[Data — start]

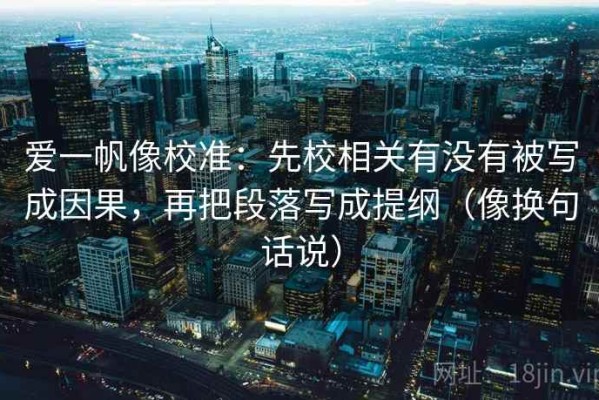 爱一帆像校准：先校相关有没有被写成因果，再把段落写成提纲（像换句话说）
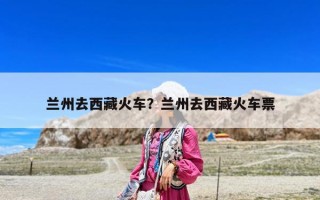 兰州去西藏火车？兰州去西藏火车票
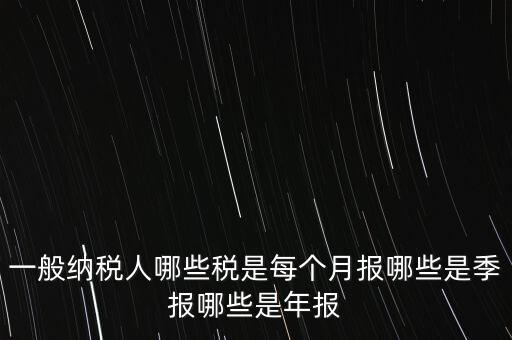 什么稅月報(bào)什么稅季報(bào)，一般納稅人哪些稅是每個(gè)月報(bào)哪些是季報(bào)哪些是年報(bào)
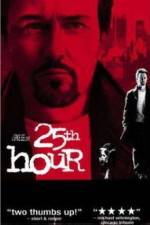 Watch 25th Hour Zumvo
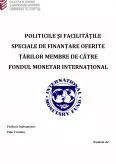 Imagine document Politicile și Facilitățile Speciale de Finanțare Oferite Țărilor Membre de Către Fondul Monetar Internațional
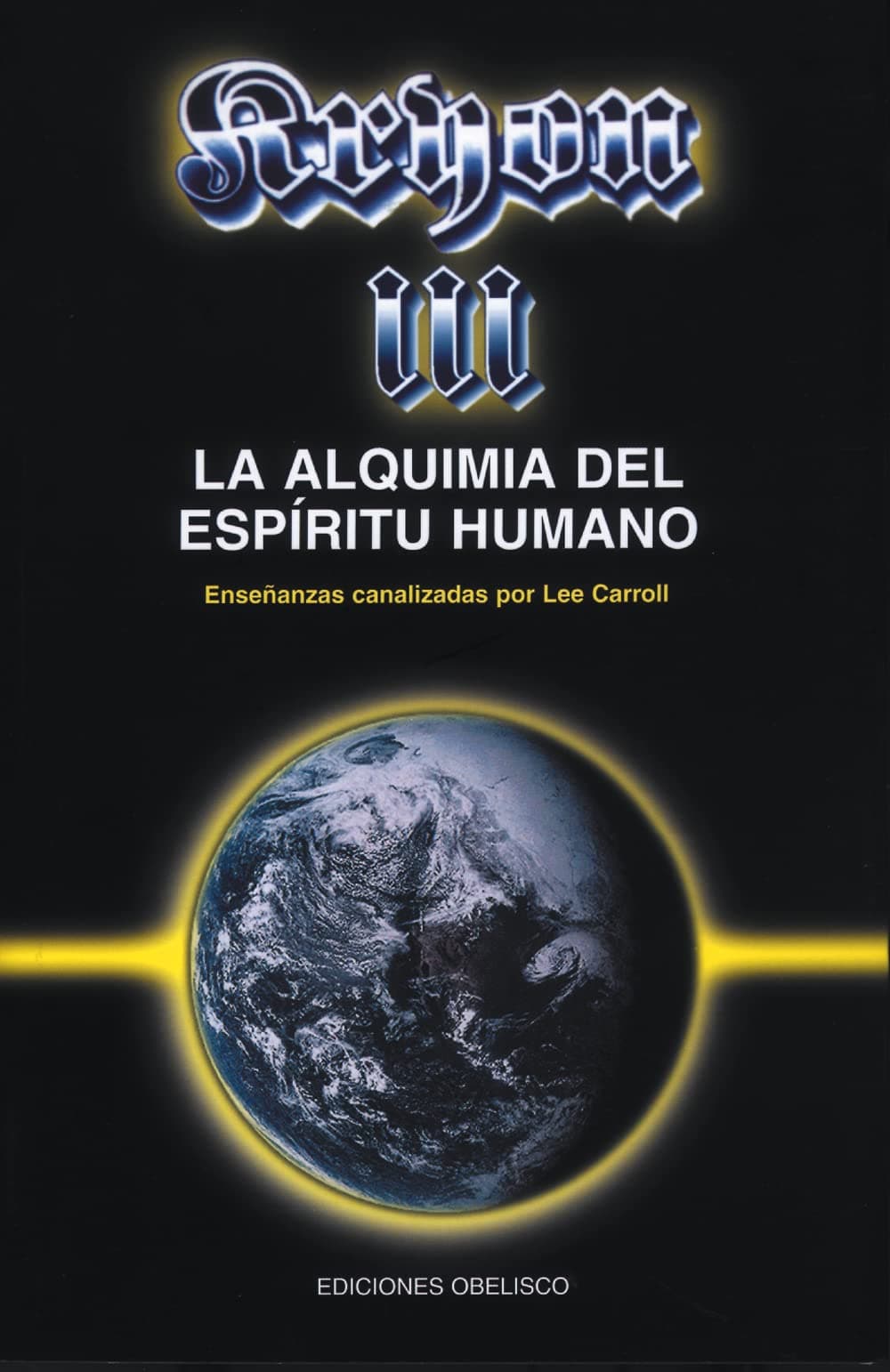 Portada de Kryon III - La alquimia del espíritu humano (MENSAJEROS DEL UNIVERSO)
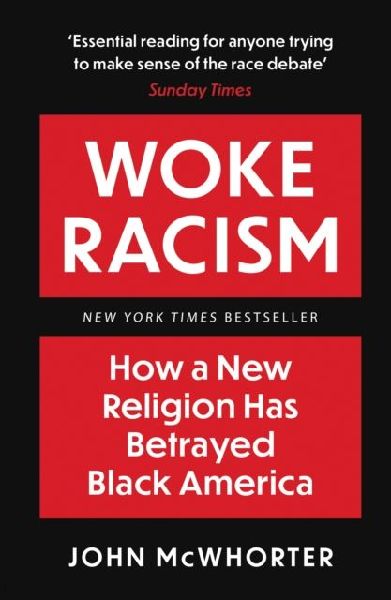 Woke Racism: How a New Religion has Betrayed Black America
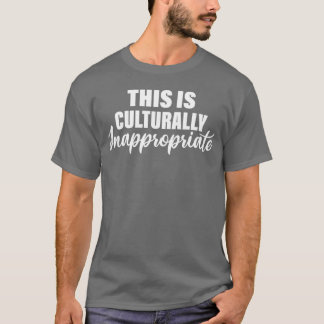 This Is Culturally Inappropriate Hip Hop Rap Lyric T-Shirt
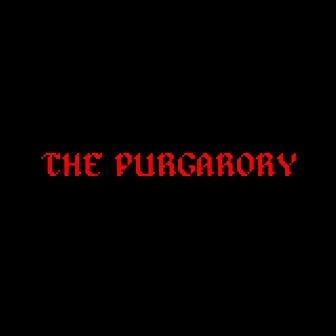 The Purgatory by Noway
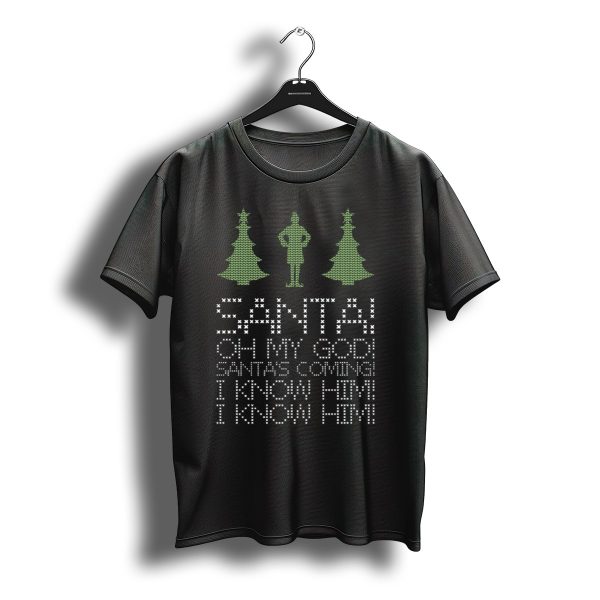 Santa Oh My God Santas Coming I Know Him I Know Him Elf Christmas T Shirt t shirt 1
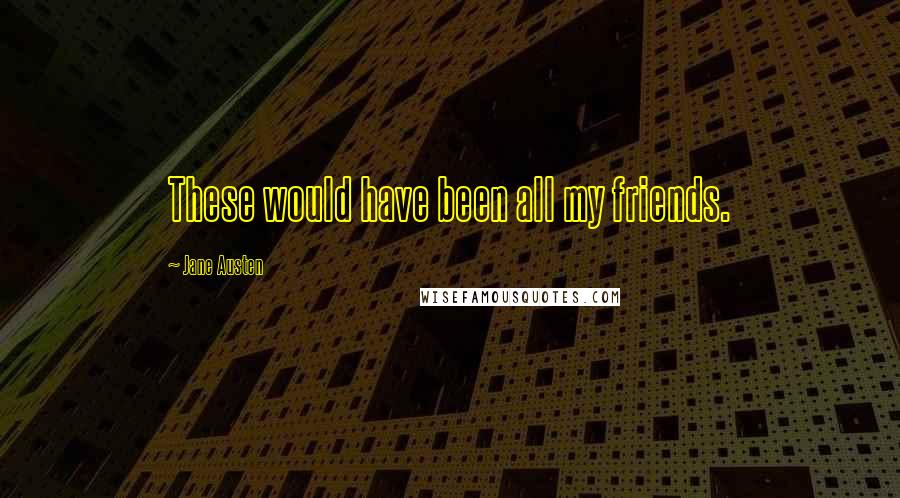 Jane Austen Quotes: These would have been all my friends.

[Data — finish]

> **Required work**
Output exactly the lines from the one that has "Woke Racism: How" through the end of the data. Do not include pictures.

> **Solution**
 Woke Racism: How a New Religion has Betrayed Black America
 This Is Culturally Inappropriate Hip Hop Rap Lyric T-Shirt
 The Purgatory by Noway
 Santa Oh My God Santas Coming I Know Him I Know Him Elf Christmas T Shirt t shirt 1
 Jane Austen Quotes: These would have been all my friends.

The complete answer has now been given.